=== What you should do ===
Below are records with pictures. Reproduce exactly the lines from the line with "dining space with" to the line with "a living room with a couch", inclusive, and leave each picture out.

BEGIN Task material

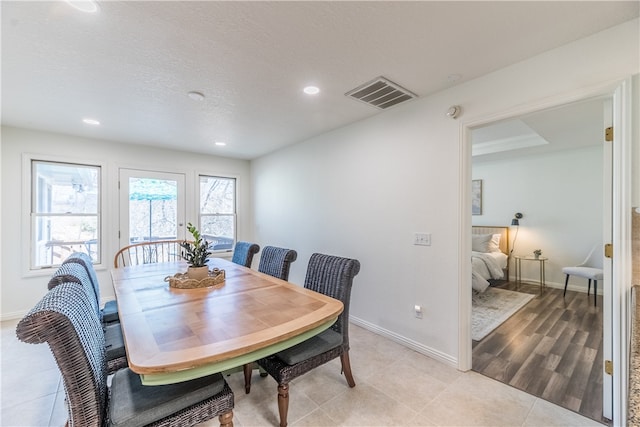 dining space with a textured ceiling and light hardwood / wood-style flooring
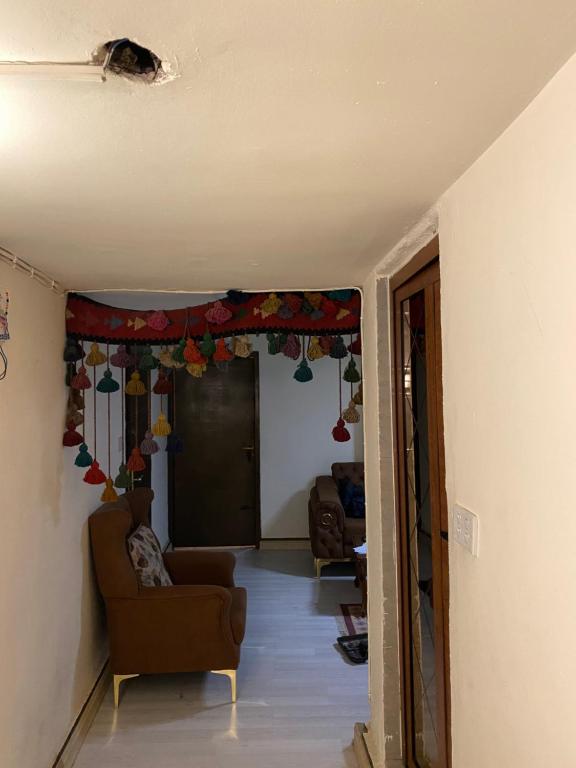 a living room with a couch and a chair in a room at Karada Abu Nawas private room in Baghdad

END Task material
BEGIN Task material

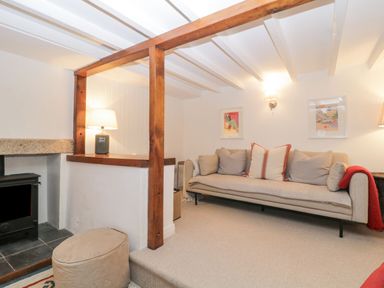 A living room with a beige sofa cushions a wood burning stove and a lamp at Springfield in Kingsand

END Task material
BEGIN Task material

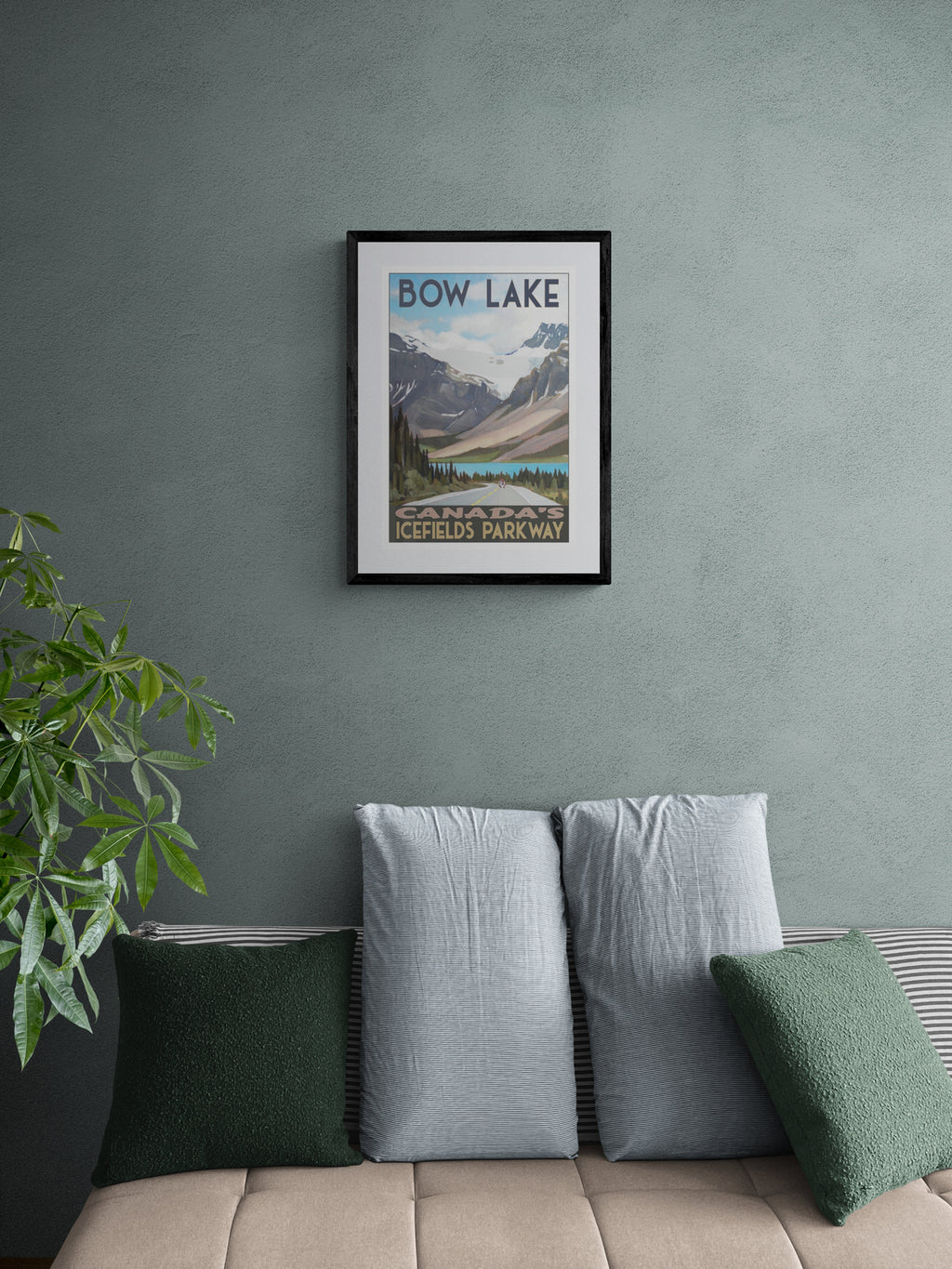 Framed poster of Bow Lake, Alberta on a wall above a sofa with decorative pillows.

END Task material

=== Result of the exercise ===
 dining space with a textured ceiling and light hardwood / wood-style flooring
 a living room with a couch and a chair in a room at Karada Abu Nawas private room in Baghdad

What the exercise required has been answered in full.